La demanderesse invoque, à l'appui de son pourvoi, un moyen unique de cassation.
Le dossier a été communiqué au procureur général.
Sur le rapport de M. Jessel, conseiller, les observations de la SCP Piwnica et Molinié, avocat de la société Grenoble 22 Edouard Rey notaires associés, de la SARL Cabinet Rousseau et Tapie, avocat de M. [Y], et l'avis de M. Aparisi, avocat général référendaire, après débats en l'audience publique du 25 février 2025 où étaient présents Mme Champalaune, président, M. Jessel, conseiller rapporteur, Mme Duval-Arnould, conseiller doyen, et Mme Ben Belkacem, greffier de chambre,
la première chambre civile de la Cour de cassation, composée des président et conseillers précités, après en avoir délibéré conformément à la loi, a rendu le présent arrêt.
Faits et procédure
1. Selon l'arrêt attaqué (Grenoble, 30 mai 2023), par lettre du 3 mars 2016, M. [Y], notaire associé, a notifié à la société civile professionnelle Didier Leclerq, Henry Benoist, Olivier Marce, Julien Dauvergne, aux droits de laquelle se trouve la société d'exercice libéral Grenoble 22 Edouard Rey notaires associés (la société), sa volonté de se retirer de l'étude le 31 mars 2016, demandant l'établissement d'un bilan intermédiaire à cette date et le remboursement de ses droits sociaux à hauteur de 515 000 euros, dans les conditions d'un protocole à régulariser.

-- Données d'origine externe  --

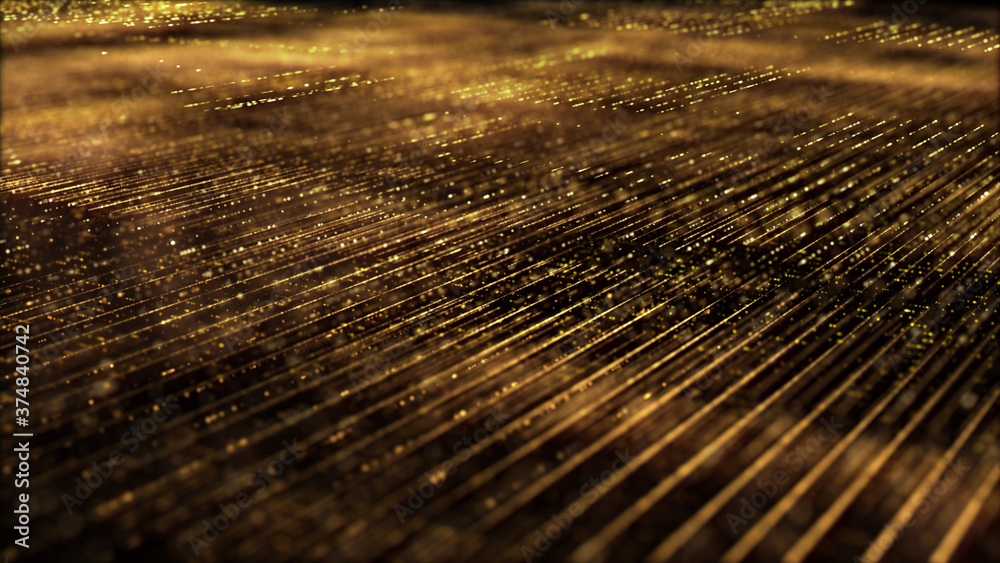 Poster Futuristic digitally generated golden abstract de-focus particles grid motion in cyber space environment background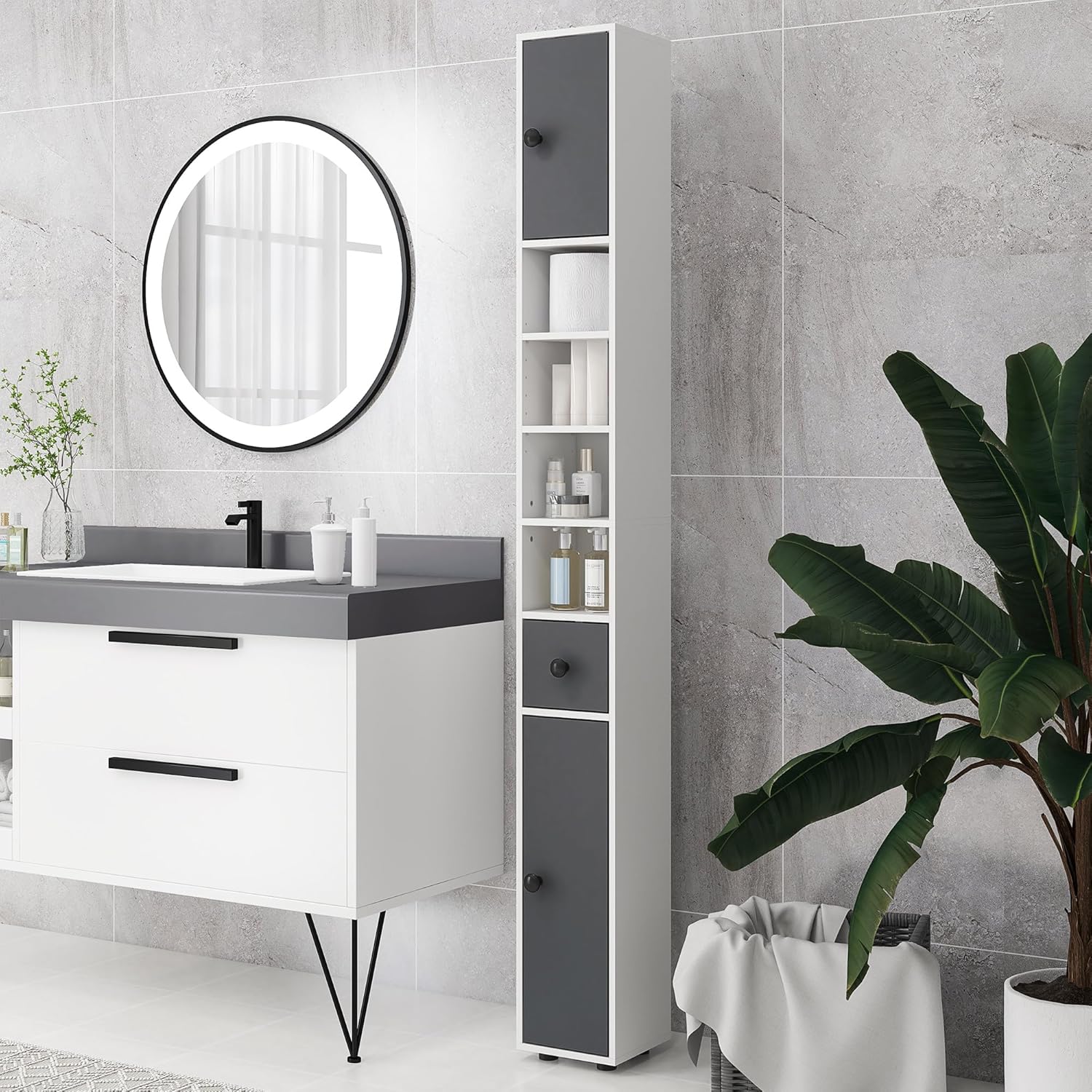 180cm Slim Bathroom Storage Cabinet 4 Shelves 2 Doors White Grey
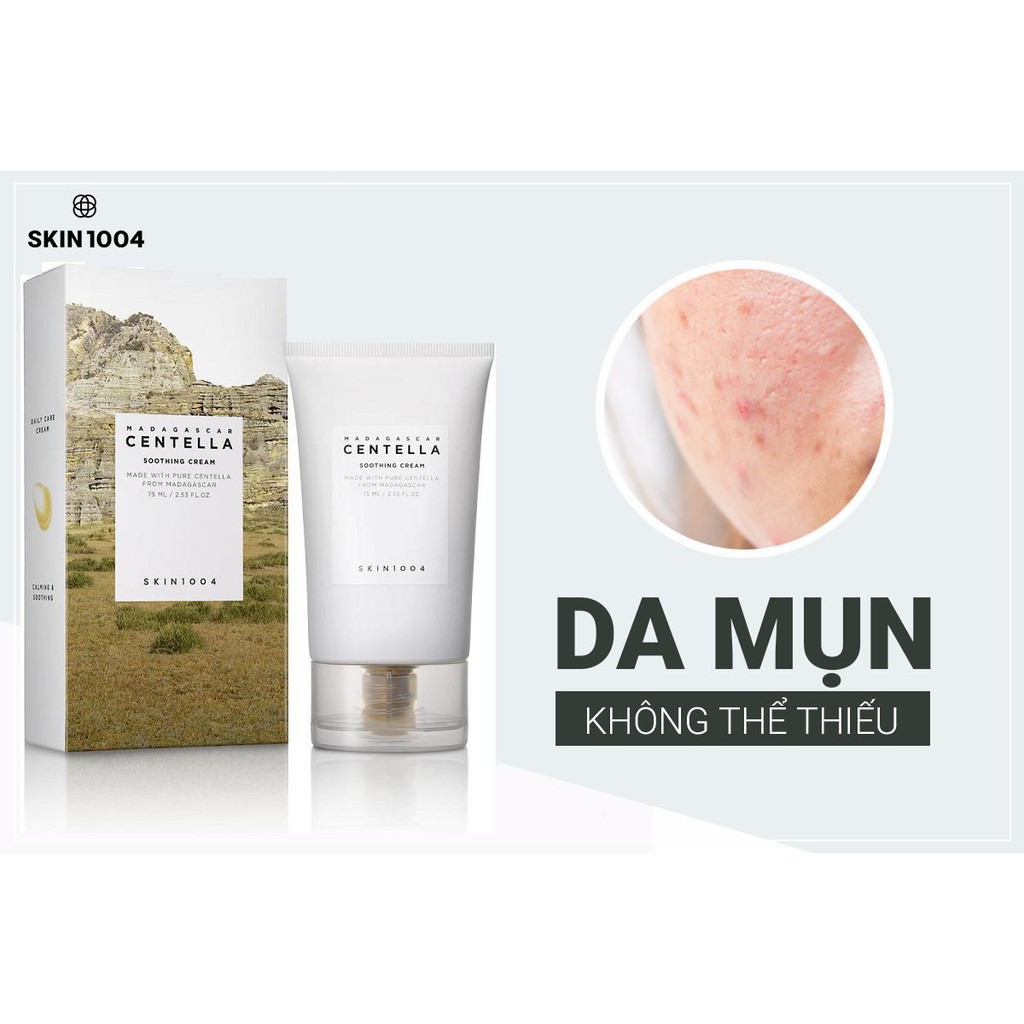 Kem Dưỡng Trắng Da, Giảm Mụn Chiết Xuất Rau Má Skin1004 Madagascar Centella Soothing Cream 75ml
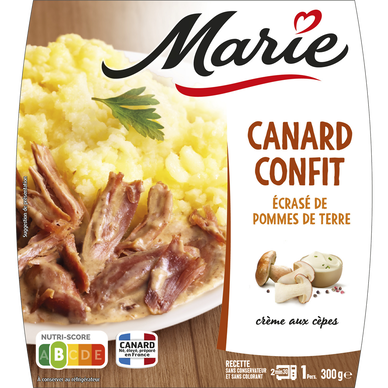 Plat cuisiné individuel Canard confit-écrasé de pomme de terre et crème aux  cèpes MARIE, 300g - Super U, Hyper U, U Express 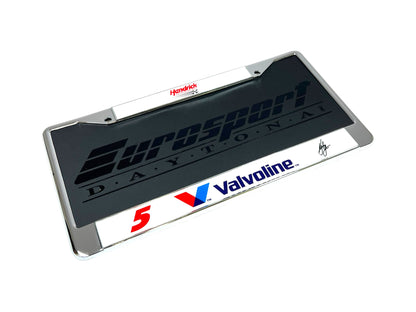 Kyle Larson Valvoline # & Sponsor Chrome License Plate Frame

2.Le 9 mars 2016, a été conclu un protocole de réduction de capital, complété d'un avenant du 6 décembre 2016, autorisant le retrayant à quitter définitivement l'étude à la date du 31 mars 2016 et prévoyant, outre les modalités de paiement, d'une part, l'annulation de ses parts sociales, sous les conditions suspensives de l'approbation du retrait par arrêté du garde des sceaux et de la réitération de la réduction de capital par acte authentique, d'autre part, l'établissement d'un bilan intermédiaire au 31 mars 2016.
3. M. [Y] a définitivement quitté l'étude le 31 mars 2016 et son retrait a été prononcé par un arrêté publié le 27 décembre suivant.
4. Le 17 février 2017, la société a réglé à M. [Y] au titre de ses parts sociales la somme de 372 433 euros après déduction de dépenses personnelles prises en charge par la société pour le compte du retrayant à compter du 1er avril 2016.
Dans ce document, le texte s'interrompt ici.